The fact that Kylotonn was developing the new V-Rally game was encouraging. They developed the last few WRC racing titles for BigBen, they consistently improved, and finally moved away from trying to compete with Codemasters’ excellent racers by offering a more casual approach to the sport. All good signs for V-Rally 4, but playing it I can’t help but shake the feeling that that promise hasn’t been fulfilled.
V-Rally 4 definitely looks the part, and even though the track designs aren’t always super-inspired (which may just have something to do with the rally sport itself) this is a game that can easily compete even with the likes of Dirt Rally in a visual sense. The shadows and reflections are especially impressive, although you can also see that Kylotonn has benefitted from their work on the WRC series when looking at V-Rally.
My main issue with V-Rally goes back to some of the earlier WRC titles, where it felt like the game was stuck between wanting to be a fun rally racer and competing with the more sim-oriented competition. The result would often not succeed in either, with controls that were too floaty and shaky for an arcade racer and not accurate enough for a sim racer. V-Rally has that exact problem, and it’s almost like it constantly changes its mind as well, as you switch between tracks, surfaces and cars. I get that the experience changes, but certainly there should be more consistency than this? WRC 7 has a similar approach, but it was all about subtle nuances and details – I loved that.
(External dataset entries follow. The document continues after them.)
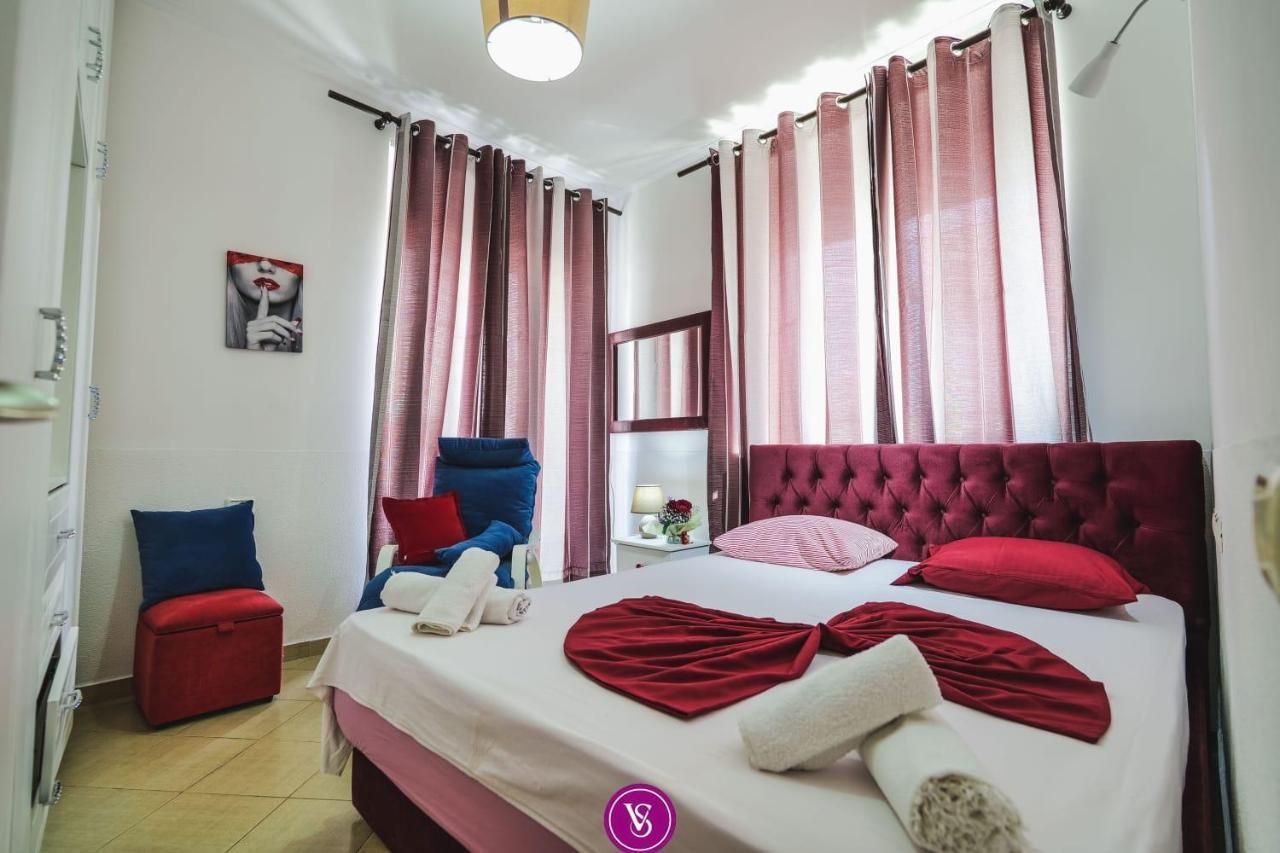 Vila Stupende Apartment Sarande Ngoại thất bức ảnh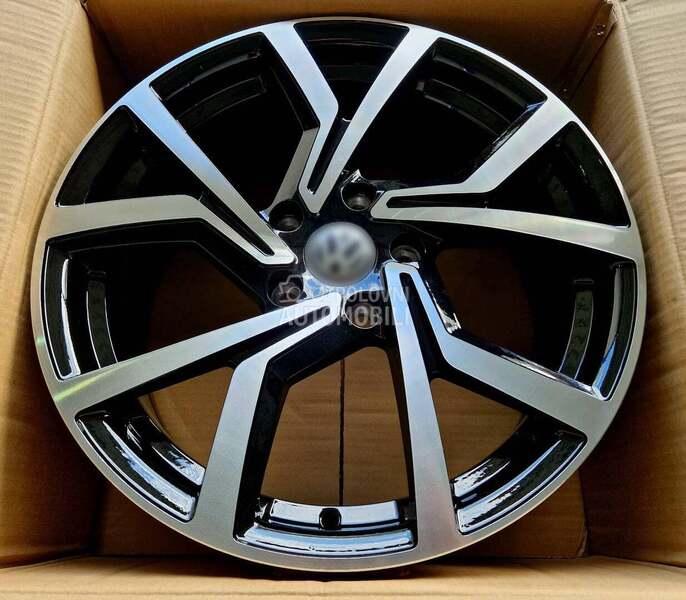 Aluminijumske felne volkswagen replica 17" 5 x 112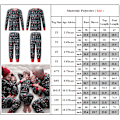 Miniatyrbild 2 av 6: Familj Matchande julpyjamas Sovkläder Xmas Pyjamas Nattkläder PJs Set Barn Vuxen Outfit Kids 2-3 Years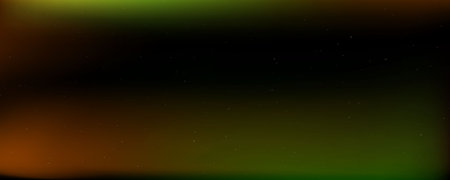 Green orange film leak filter overlay. Aged textured light flare frame background. Grain saturated...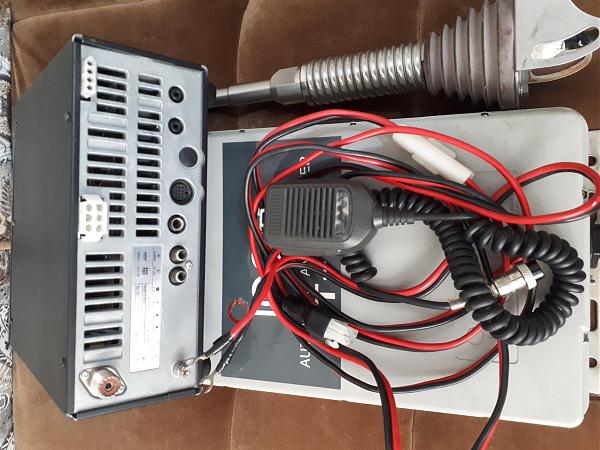 Продам Icom IC 78 + Icom AT 130 + антенна Icom AH 2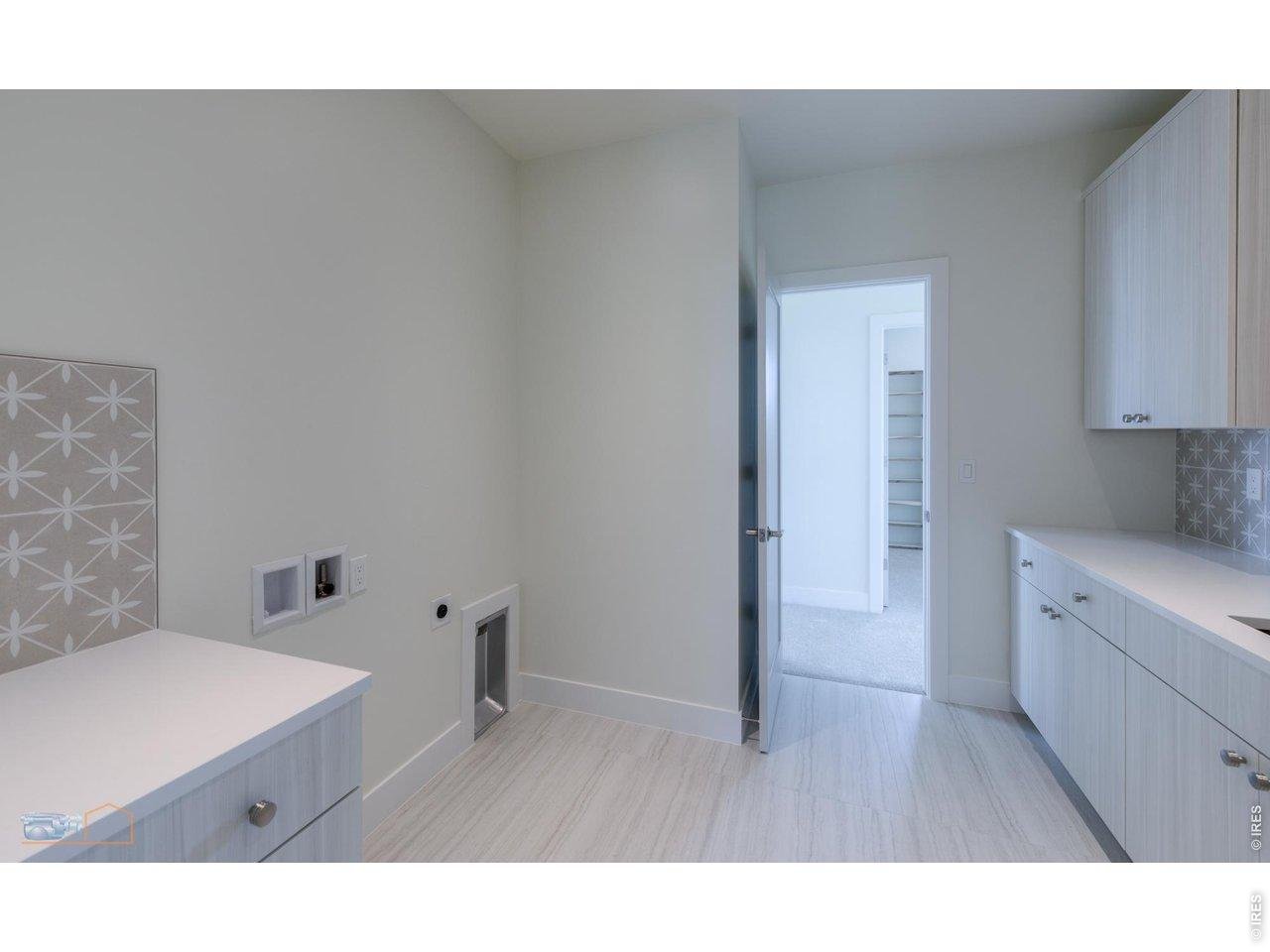 2nd Floor Laundry Room: Example Of Laundry Room From Previous House In Trail Ridge West.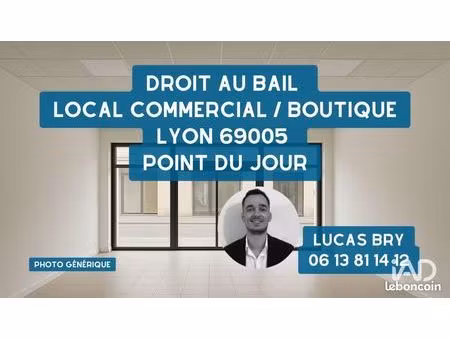 boutique 116 m² lyon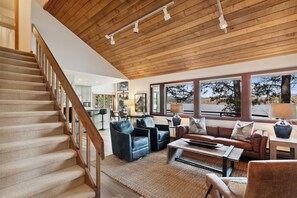 Interior - Waterfront Whitefish Lake Cabin  | 3 Bed, 3 Bath (Whitefish)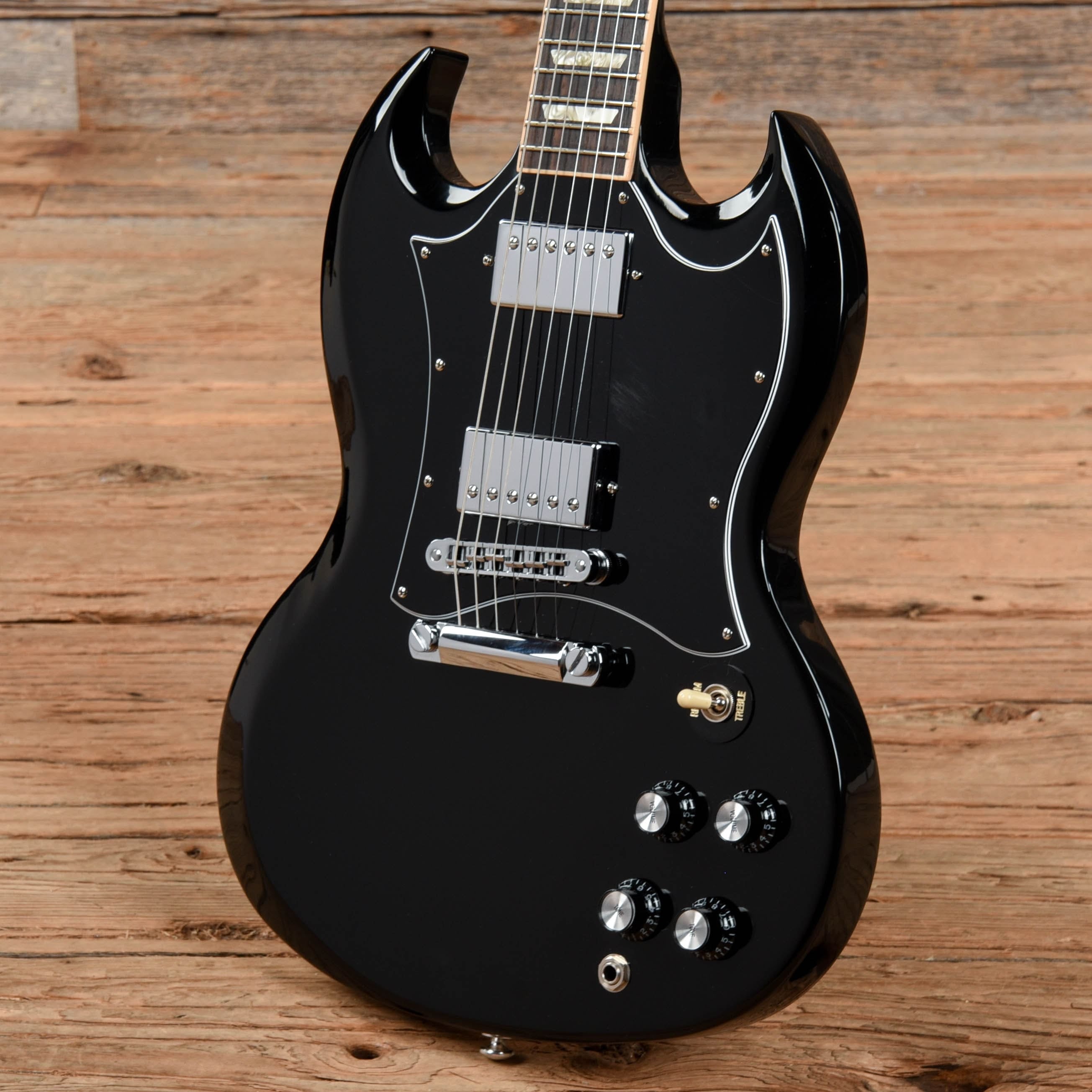 Gibson SG Standard Ebony 2012 – Chicago Music Exchange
The computer AI in V-Rally 4 also seems a little wacky. Sometimes it’s a field full of amateurs that you can easily beat even while making mistakes, while a restart of the race can result in one of them constantly tailing you and punishing your every false move. The difficulty level during time trails also showed some erratic spikes, which quickly became frustrating – I felt I was being consistent myself, but switching from a podium finish to being dead last, or vice versa.
So in terms of the driving experience, V-Rally 4 feels like a step backwards from Kylotonn’s own WRC 7. To V-Rally’s credit, however, the game has plenty of game modes available – from regular rally trials to rally cross against other opponents and from hillclimb tracks to gymkhana-style challenges similar to what we grew to love in Dirt 3. Another very promising mode is buggy racing, which is more Motorstorm-like and doesn’t suffer from the control issues described above as much – mostly because these buggies touch the ground far less anyway. In its current state, it’s easily my favorite mode in the game.
So unfortunately, V-Rally 4 breaks with Kylotonn’s recent trend of improving with every game they’ve released. The visuals are rock solid, but I wish they had implemented better handling before releasing the game – they certainly know how to do it, because that’s exactly how they improved in between WRC games. Perhaps this one was rushed out the door a little too quickly, and hopefully we’ll get a few patch updates to improve this instead of having to wait for V-Rally 5. This edition’s potential shines through on occasion, but it’s all too inconsistent.